I perhaps have overused templates in Bertini2. It's true. I am in love with templates, and just keep using them. But, compile time is killing me. It is taking forever to compile Bertini2, and I want it to be faster. 30 minutes build-test times on my Jenkins servers is unacceptable.

So, here I go!

First attempt: -ftime-report

My first attempts to understand which templates are taking so long is to attempt to get information from GCC/Clang during compilation.

Per this SO post, u/Schamp asks about a different but similar scenario. /u/anon replies to use -ftime-report, to get some information. I did not find it useful at all.

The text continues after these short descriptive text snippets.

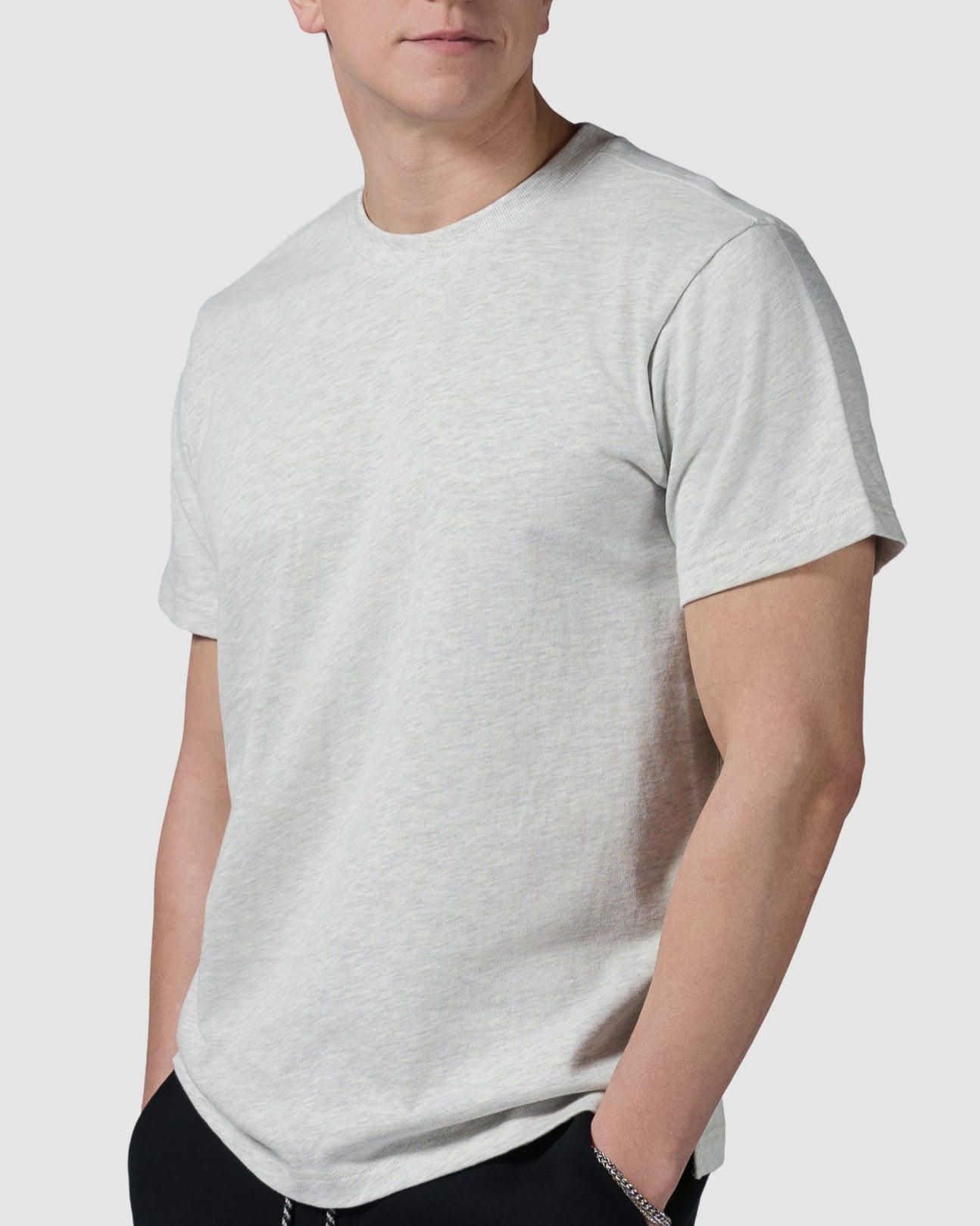 A young man wearing the BEARDEDGOAT Mens Valley Tee in light gray and black pants with white drawstrings stands with his hands in his pockets, looking slightly to the side against a plain light background.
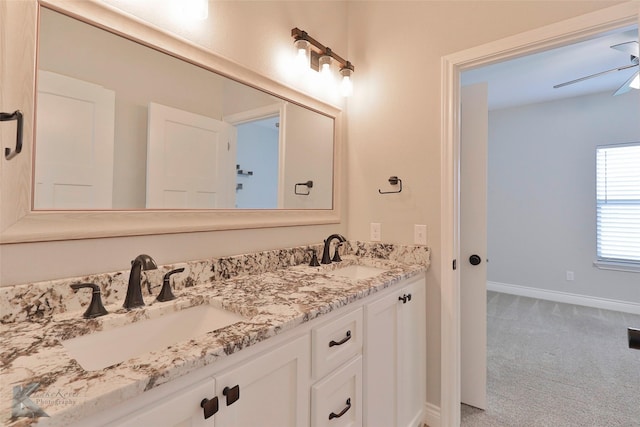 bathroom featuring vanity and ceiling fan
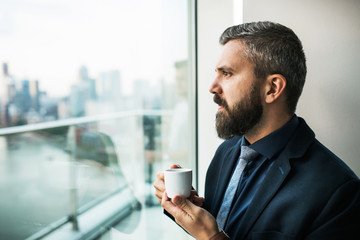 A portrait of businessman with a cup of coffee looking out of a window in an office.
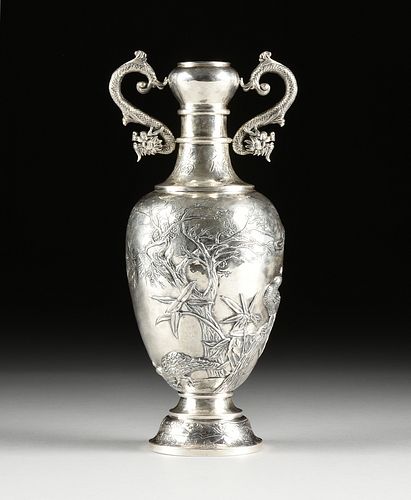 A CHINESE EXPORT SILVER TWO-HANDLED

Maybe I don't understand correctly how to read the output? Let's try another tool.

It's not so useful to me. I want to see which particular template instantations are taking so long. Is it stuff from Boost.Multiprecision? Eigen? My own crazy large templates?

Second attempt -- Templight

Another SO post has an answer from u/Mikael Persson, suggesting a tool called Templight, of which they are an author. So I figured I'd give it a try.

0. Compiling Templight

It's not a simple brew install templight sadly, but instead requires building it with LLVM/Clang. I've been readying myself mentally to use LLVM, so this seems like as good a time as any to just install it from source. Ok, so I use the install instructions for Clang, and those for Templight on their readme. I download the SVN for Clang and LLVM, versions 301787 and 301782 respectively. The patching step for Templight fails. Bummer.

I viewed the issues for templight, and found [#38](https://github.com/mikael-s-persson/templight/issues/38) gives a known good version of templight commit 0738fa1, and clang rev number 289544. Patch applied cleanly. Project builds smoothly.

Then, I run the tests for Clang.

Ok, 90 failed. Something about capital letters.

1. ./configureing b2's core to use Templight

I think things are going well, so I try using the compiled Clang and Templight with my configure script for b2's core:

No dice. Look in config.log

The first fail is expected. It's checking whether it's c++14 by default, and it isn't, so fail is ok. The next checks fail for a stupid reason. The type_traits file is missing. Hmm. Where is it?

It's not in /usr/include. It's not in /usr/include/c++/4.2.1/. Adding -stdlib=libc++ doesn't change anything.

Ok, re-configure using XCode's clang. Apparently the needed file is in /Applications/Xcode.app/Contents/Developer/Toolchains/XcodeDefault.xctoolchain/usr/bin/../include/c++/v1. Why doesn't the new clang look there? Somehow it needs to be told to. Adding -isysroot /Applications/Xcode.app/Contents/Developer/Platforms/MacOSX.platform/Developer/SDKs/MacOSX10.12.sdk was insufficient for some reason. Bummer. But, manually adding the location of type_traits to the include path did allow my ./configure to succeed. Here's the command: ./configure CXX="/Users/ofloveandhate/software/usr/local/bin/templight++ -std=c++14 -stdlib=libc++ -I/Applications/Xcode.app/Contents/Developer/Toolchains/XcodeDefault.xctoolchain/usr/bin/../include/c++/v1" Configure is slow to run with this clang. I think that's because it is compiled for debug, not release. Whatever. I can re-compile in release mode if I need to. I do expect compilation to be slower, but hope it doesn't change too much which templates take forever to compile. After all, that's my goal -- to understand which templates are the most costly, so I can hopefully move them to a .cpp and manually instantiate them.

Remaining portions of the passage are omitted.